General description
In this module, you will learn how to analyse linguistic data with R, Rstudio, and the tidyverse. We will cover descriptive and inferential statistics as well as linear modelling. Each lesson consists of a theoretical part followed by hands-on exercises in R.
As outcome of the course, you will be able to:
- visualise and summarise your data
- analyse continuous data with a linear model which includes assumption checks, data transformation, contrast coding, interpretation of the model outcome (including interactions)
- carry out inferential statistics (hypothesis formulating and testing)
- communicate your results
- conduct open and reproducible research
Topics:
- descriptive statistics, plotting of data
- introduction to linear modelling with one categorical or continuous predictor (this includes data transformation, contrast coding)
- multiple linear models (two predictors) and interactions (this includes data transformation)
- inferential statistics and communicating results
- open research
As of 2024, this module can be followed together with module 1 Introduction to R in a complete Novice track for this Summer School.
Target audience and course prerequisites
The course is aimed at linguistic researchers who have a background in statistics or who wish to refresh their basic skills and knowledge.

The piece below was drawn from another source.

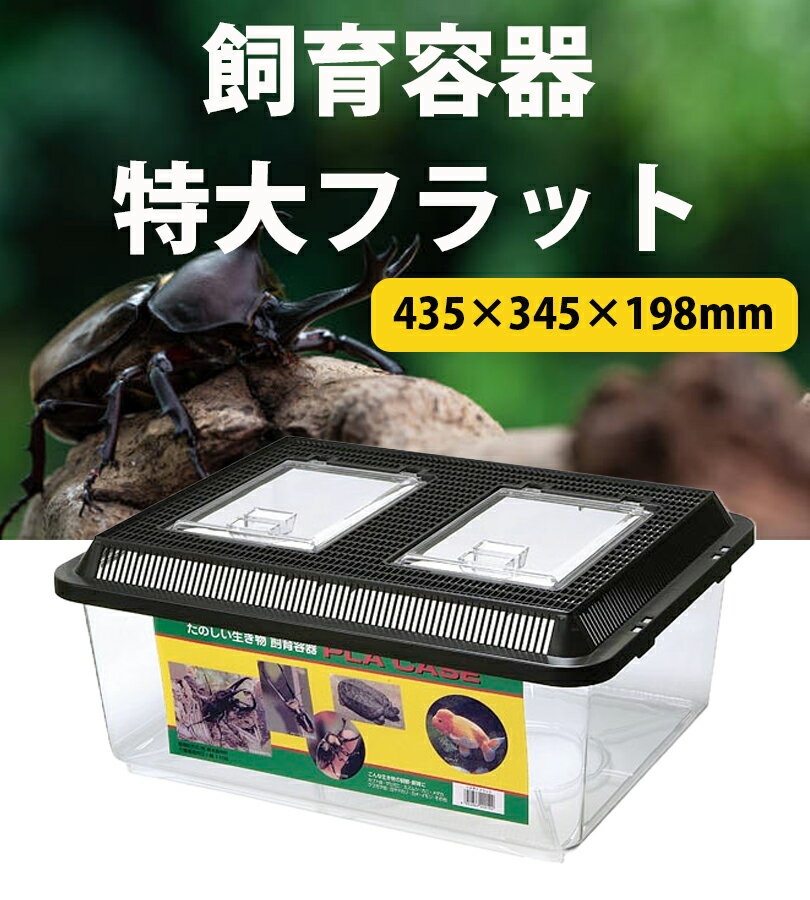 【送料無料】 飼育ケース 特大フラット 黒 スリットフタ プラケース 飼育容器 亀 カブトムシ クワガタ メダカ 金魚 爬虫類 生体 観察 成虫 幼虫 プラスチック クリア 透明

Participants should have the R skills as taught in module 1 Introduction to R of this Summer School.
Course materials
All course materials will be provided online and include slides, exercises and solutions, R markdown files, datasets and further reading.
Teacher bio
Alex Lorson is an assistant professor at the University of Groningen where she teaches courses on pragmatics, multimodality, quantitative methods and statistics. Next to teaching stats courses in Groningen (and previously at the University of Edinburgh), she has taught statistics at summer schools and workshops at the Universities of Birmingham and Göttingen as well as the RWTH Aachen University. Alex will hold a workshop on linear modelling in September 2024 preceding the 10th international conference of the German Cognitive Linguistics Association hosted by the University of Osnabrück.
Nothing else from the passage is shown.